How Do Convertible Notes Affect Dilution?
Any time a company takes on new money, they give out equity which dilutes the current shareholders. Convertible notes are no different. They are investments that convert at a later time into equity, and depending on the severity of the terms set in the note, the amount of dilution will be subsequently affected.
This is when you need to be careful and make sure you understand the terms completely; otherwise, you could put your company and shareholders at risk.
Tips for Entrepreneurs
1. Terminology: Sometimes convertible note gets referenced as convertible debt. It is also called bridge financing because it bridges the company over until it can get a specific type of financing. Don’t get confused about this.
2. Convertible Equity: Consider convertible equity instead of convertible debt. I’ve seen investors not want to go for it, but if you can get it then do it.
Convertible equity doesn’t have the repayment feature at maturity. Instead, at maturity it will convert into equity at some pre-negotiated price or the maturity date will be pushed into the future. It removes the massive threat of the investor being able to drive the company into bankruptcy.
3. Discount range: The discount should be about 10-30% off of the qualified financing price per share. Don’t allow the convertible debt holder to get both discounts and warrants. Warrants are options to purchase shares at a specified price in the future. Convertible debt holders should either get a discount or warrants. A discount is preferable because it is simpler.
4. Qualified financing size: The qualified financing that triggers a conversion needs to be big enough such that various rights are properly negotiated. But not so big that it never triggers the conversion.
5. Interest rate: Interest rate should be low
6. Valuation caps: Watch out for valuation caps.
Valuation caps are the difference between a great deal for entrepreneurs and a terrible deal. A deal without valuation caps can be great for entrepreneurs. With valuation caps, it can be a nightmare, so take caution. I stress for reasonableness. Also, this is an area where it’s important to be reasonable.
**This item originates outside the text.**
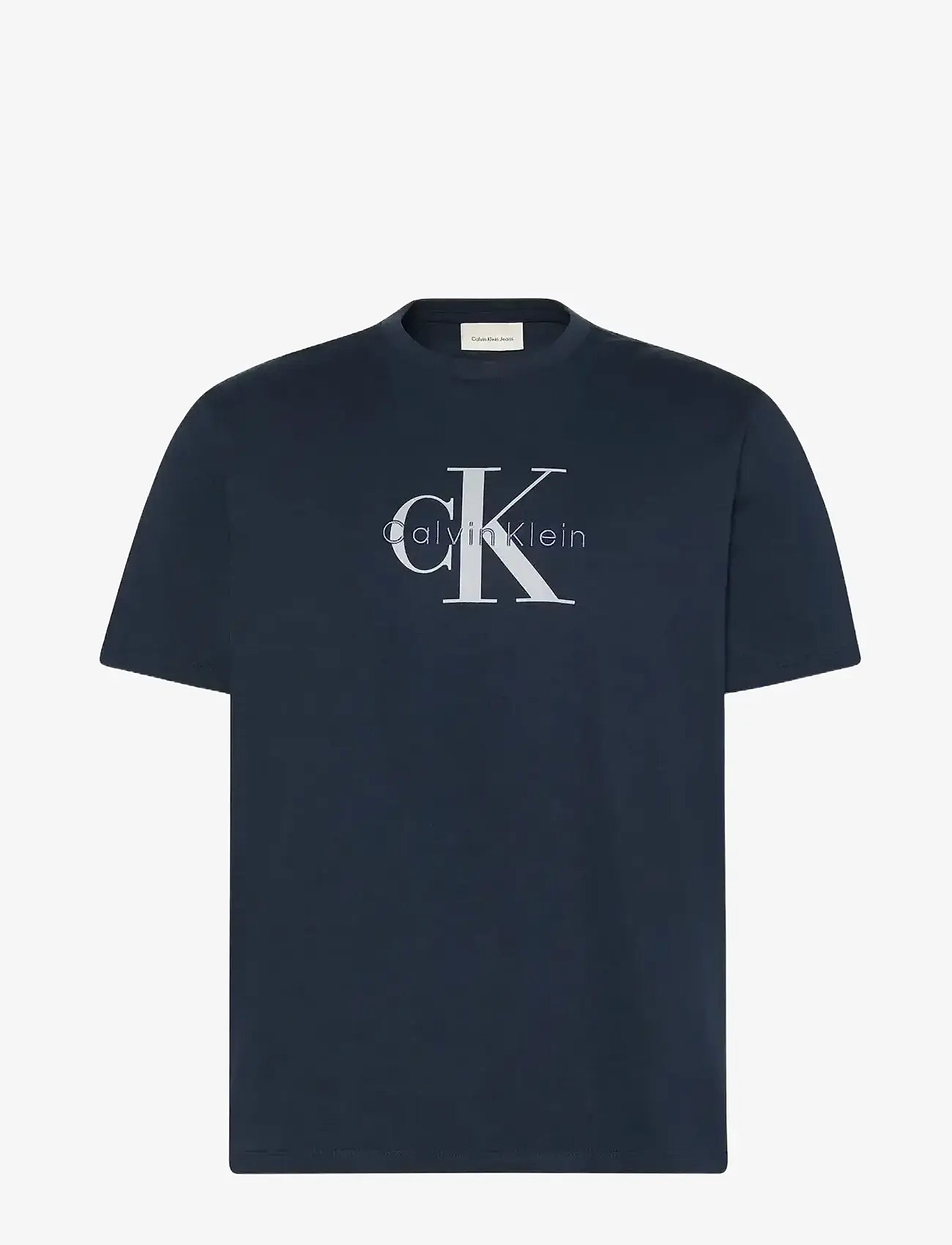 Calvin Klein Jeans - SS Hero Monologo Tee 20s - kortærmede t-shirts - dark sapphire - 1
Convertible notes can be very friendly to early-stage companies and founders, but heed my word of warning – know the terms. If used correctly, convertible notes will be beneficial for founders and investors, but if handled poorly, they can be costly for founders.
So how can you make smart choices with your equity? It comes down to resources. You want to speak with your legal team, mentors, and advisors and do your research. You need to have an understanding of how this all works so that you and your business partners can make a confident decision on if convertible notes are best for the founders, the team, and the potential investors.
Disclaimer: The terms highlighted herein do not reflect a complete description of the use or definition of the terms. These terms reflect a general use and understanding to the best of our knowledge. Any entrepreneur and investor are encouraged to seek further information as we are not offering any legal, financial or accounting advice.